Making Different—and Better—Decisions
In this talk, Tom describes the results from his most recent research study on the new landscape of decision-making. He argues that recent decision failures mean that organizations need to systematically examine their approaches to making key decisions. He defines how organizations improve decisions through:
- different opinions and dissent in the decision process
- different alternatives, such as the wisdom of crowds
- findings from neuroscience and behavioral economics
- different blends of analytics and intuition
- different relationships between analysts and decision-makers.
He draws upon interviews with more than fifty companies about how they have actually improved particular decision processes.

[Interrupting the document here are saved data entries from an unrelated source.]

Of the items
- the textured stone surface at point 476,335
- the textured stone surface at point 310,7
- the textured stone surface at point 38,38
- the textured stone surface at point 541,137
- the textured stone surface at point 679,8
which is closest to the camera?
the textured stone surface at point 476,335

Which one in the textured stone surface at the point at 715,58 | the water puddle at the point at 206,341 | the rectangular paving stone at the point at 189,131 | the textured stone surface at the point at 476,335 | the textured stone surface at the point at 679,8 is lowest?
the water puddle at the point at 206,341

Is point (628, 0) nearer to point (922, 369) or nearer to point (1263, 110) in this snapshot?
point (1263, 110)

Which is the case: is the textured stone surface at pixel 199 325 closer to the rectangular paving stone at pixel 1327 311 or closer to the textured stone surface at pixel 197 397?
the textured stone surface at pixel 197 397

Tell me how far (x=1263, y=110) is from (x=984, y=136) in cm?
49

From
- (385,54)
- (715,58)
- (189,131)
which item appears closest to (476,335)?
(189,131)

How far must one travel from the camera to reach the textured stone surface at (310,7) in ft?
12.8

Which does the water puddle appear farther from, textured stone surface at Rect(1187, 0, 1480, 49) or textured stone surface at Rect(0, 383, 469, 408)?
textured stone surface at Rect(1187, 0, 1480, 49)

Making Better Decisions in Financial Services: More Analytics and More Intuition
The global financial services industry has endured an unprecedented period of poor decision-making that has threatened its very survival. In the new economic and regulatory environment, financial institutions need to ensure that they make decisions with high value and low risk. In this presentation, Tom describes an approach to decision-making that maximizes both the power of analytics as well as the ability of human intuition to know that the game has changed.

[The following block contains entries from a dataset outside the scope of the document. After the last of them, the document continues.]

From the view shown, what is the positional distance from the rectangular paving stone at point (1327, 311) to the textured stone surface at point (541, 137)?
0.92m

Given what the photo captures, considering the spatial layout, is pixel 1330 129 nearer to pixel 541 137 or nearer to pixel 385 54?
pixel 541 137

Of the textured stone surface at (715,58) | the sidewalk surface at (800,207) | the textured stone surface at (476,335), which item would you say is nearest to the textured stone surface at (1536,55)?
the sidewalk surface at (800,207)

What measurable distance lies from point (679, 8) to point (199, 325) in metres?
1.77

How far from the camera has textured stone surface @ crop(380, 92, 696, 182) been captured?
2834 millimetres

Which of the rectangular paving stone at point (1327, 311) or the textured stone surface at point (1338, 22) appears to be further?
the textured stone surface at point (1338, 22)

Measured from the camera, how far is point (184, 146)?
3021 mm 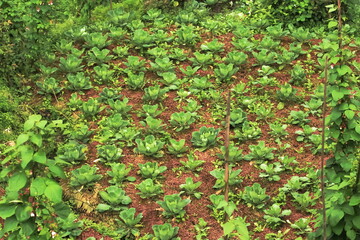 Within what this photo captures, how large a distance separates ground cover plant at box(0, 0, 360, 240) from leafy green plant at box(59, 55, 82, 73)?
18 millimetres

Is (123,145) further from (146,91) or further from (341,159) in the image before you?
(341,159)

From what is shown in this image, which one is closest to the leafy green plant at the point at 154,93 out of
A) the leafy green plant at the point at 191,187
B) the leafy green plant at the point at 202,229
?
the leafy green plant at the point at 191,187

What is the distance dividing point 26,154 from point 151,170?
8.18 feet

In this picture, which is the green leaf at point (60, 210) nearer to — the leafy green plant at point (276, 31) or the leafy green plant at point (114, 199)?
the leafy green plant at point (114, 199)

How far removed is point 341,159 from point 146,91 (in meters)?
3.21

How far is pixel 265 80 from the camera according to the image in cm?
805

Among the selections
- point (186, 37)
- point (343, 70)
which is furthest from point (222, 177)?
point (186, 37)

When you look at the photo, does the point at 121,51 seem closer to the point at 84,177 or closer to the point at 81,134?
the point at 81,134

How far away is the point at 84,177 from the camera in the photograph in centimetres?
650

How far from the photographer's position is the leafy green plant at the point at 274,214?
6086 mm

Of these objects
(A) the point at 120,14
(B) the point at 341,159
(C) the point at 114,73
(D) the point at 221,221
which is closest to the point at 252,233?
(D) the point at 221,221

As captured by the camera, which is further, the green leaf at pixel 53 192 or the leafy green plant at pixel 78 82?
the leafy green plant at pixel 78 82

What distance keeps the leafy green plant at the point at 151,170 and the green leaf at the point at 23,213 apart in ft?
7.70

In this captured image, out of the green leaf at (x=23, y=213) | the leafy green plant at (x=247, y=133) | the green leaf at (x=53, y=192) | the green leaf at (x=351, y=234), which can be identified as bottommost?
the leafy green plant at (x=247, y=133)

Analytics at Work: Smarter Decisions, Better Results
Any organization and manager can benefit from systematic examination of decision-making and analytics provides a powerful tool. This session addresses how any organization can improve its analytical capabilities to enable better decision making processes. Tom demonstrates how some of the world’s leading companies use analytics to make better decisions as well as build competitive advantage. He presents a process for systematically improving decisions and translating them into action and better business results.
Participants will also be able to address particular issues and topics that relate to their own organizations.

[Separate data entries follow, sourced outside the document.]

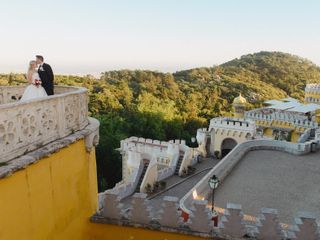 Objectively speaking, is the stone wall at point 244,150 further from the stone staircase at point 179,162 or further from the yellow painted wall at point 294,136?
the yellow painted wall at point 294,136

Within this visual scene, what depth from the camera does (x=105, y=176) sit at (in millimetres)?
34125

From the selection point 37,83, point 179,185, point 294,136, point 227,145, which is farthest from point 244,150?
point 294,136

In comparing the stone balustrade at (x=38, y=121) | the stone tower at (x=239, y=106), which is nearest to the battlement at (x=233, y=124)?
the stone tower at (x=239, y=106)

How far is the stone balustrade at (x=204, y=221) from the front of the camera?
4.85m

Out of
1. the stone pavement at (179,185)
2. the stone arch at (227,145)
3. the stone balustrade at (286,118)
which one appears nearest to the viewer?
the stone pavement at (179,185)

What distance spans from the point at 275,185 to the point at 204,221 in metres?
7.07

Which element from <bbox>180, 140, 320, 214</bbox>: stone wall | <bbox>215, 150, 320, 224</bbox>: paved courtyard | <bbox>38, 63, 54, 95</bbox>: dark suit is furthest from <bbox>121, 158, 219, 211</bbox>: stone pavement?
<bbox>38, 63, 54, 95</bbox>: dark suit

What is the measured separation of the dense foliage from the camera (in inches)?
1459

Competing on Analytics: How Fact-Based Decisions and Business Intelligence Drive Performance
Companies have long used business intelligence for specific applications, but these initiatives were too narrow to affect corporate performance. Now, leading firms are basing their competitive strategies on the sophisticated analysis of business data. Instead of a single application, they are building broad capabilities for enterprise-level business analytics and intelligence. These strategies are driven by senior executives who insist on fact-based decisions. In this talk, Tom describes his recent research on firms that compete on the basis of their analytical prowess and provides guidelines for adopting similar approaches.